Looking forward into the second half of 2012, operating results should continue to strengthen. Whether it will be enough to push JASO into corporate profitability is still uncertain given the industry's extremely fluid pricing environment, but at least there should be many positive factors that may play out for the company.
A key positive earnings driver is JASO's continued downstream expansion. Sometime in the second half, JA Solar expects to recognize 100MW of self developed solar projects at implied gross margin well above its solar cell and module component segments. The recognized sale of these projects could lead to as much as $30m of incremental gross profit spread across Q3 and Q4. While JASO's project business is new and small in scale relative to its component manufacturing business, it has the potential to expand as China's domestic demand increases. As a top tier Chinese solar company, JA Solar will likely receive its fair share of the Chinese domestic market much like how First Solar (FSLR) has built a strong U.S. project pipeline. Peers such as Trina Solar have already announced in a recent conference call that while near term project exposure may be small, it could make up as much as half of the company's revenues in the next 2-3 years.

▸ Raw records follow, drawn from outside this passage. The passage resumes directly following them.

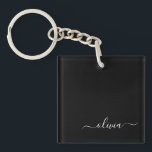 Schwarz-weiß Modernes Minimalistisches Monogramm Schlüsselanhänger<br><div class="desc">Die Minimalistische Monogram Kollektion Schwarz/Weiß: Einfache Einfachheit und Eleganz in unseren minimalistischen Designs, die so gestaltet sind, dass sie Ihren Stil mühelos erweitern. Diese Kollektion wurde mit einem scharfen Blick für moderne Ästhetik gestaltet und weist elegante Schwarz-Weiß-Designs auf, die durch personalisierte Monogramme noch verstärkt werden. Von der schicken Schreibwaren bis...</div>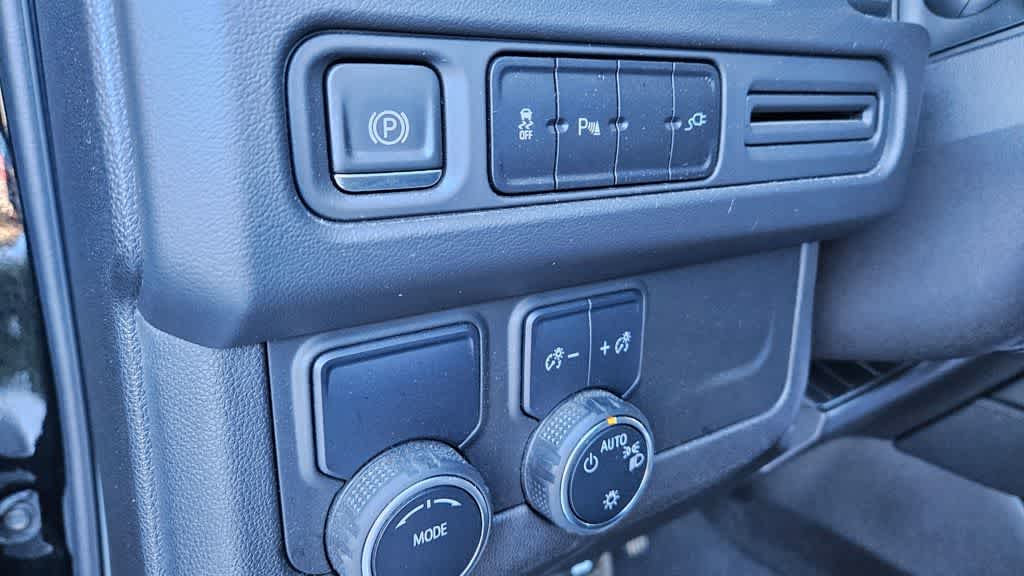 Thumbnail: 2021 Chevrolet Tahoe - 14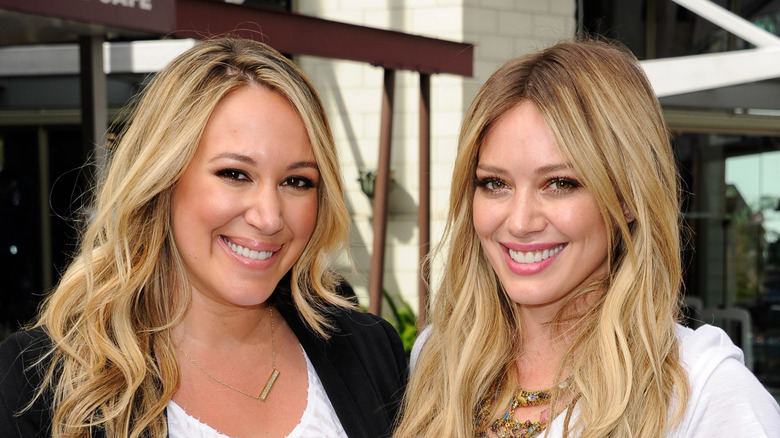 Hilary and Haylie Duff smiling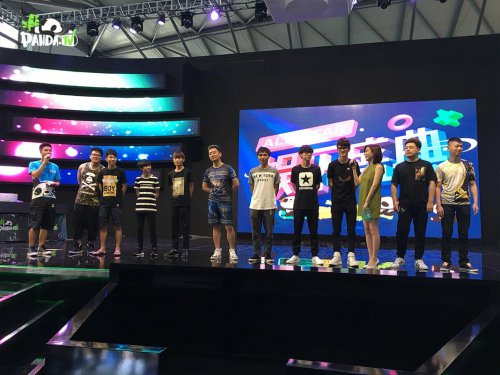 冰火碰撞 CJ最火日熊貓TV展臺迎來宿命對決(圖4) 冰火碰撞 CJ最火日熊貓TV展臺迎來宿命對決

Even on the component side, JA Solar could deliver incremental upside. The company's OEM exposure to some of Japan's leading brands could allow JASO to gain market share in Japan faster than non-Japanese branded modules. Although the company has generally discounted potential Japanese market upside, the recent introduction of extremely generous Japanese feed-in-tariffs could result in a sudden demand surge. More importantly, JASO has indicated module ASPs in Japan as high as $1.00/watt, or 30-40% higher than other regional markets. Even at smaller volumes, any incremental expansion of business in Japan would likely result in disproportionate profitability benefits for JA Solar.
While it has been difficult to differentiate solar companies apart especially when most companies have been losing money, certain companies are extremely well positioned to not only survive the industry's ongoing consolidation, but thrive as market pricing normalizes to sustainable levels. As one of the world's largest solar cell manufacturers with among the lowest debt to equity ratios in the industry, JA Solar is strongly positioned to benefit in the next industry up cycle. Until consolidation draws to a close, JASO like most peers will likely continue to tread water by reporting manageable quarterly losses. With a recent share repurchase announcement, at least JASO's management believes the market may have already overly discounted any future recovery.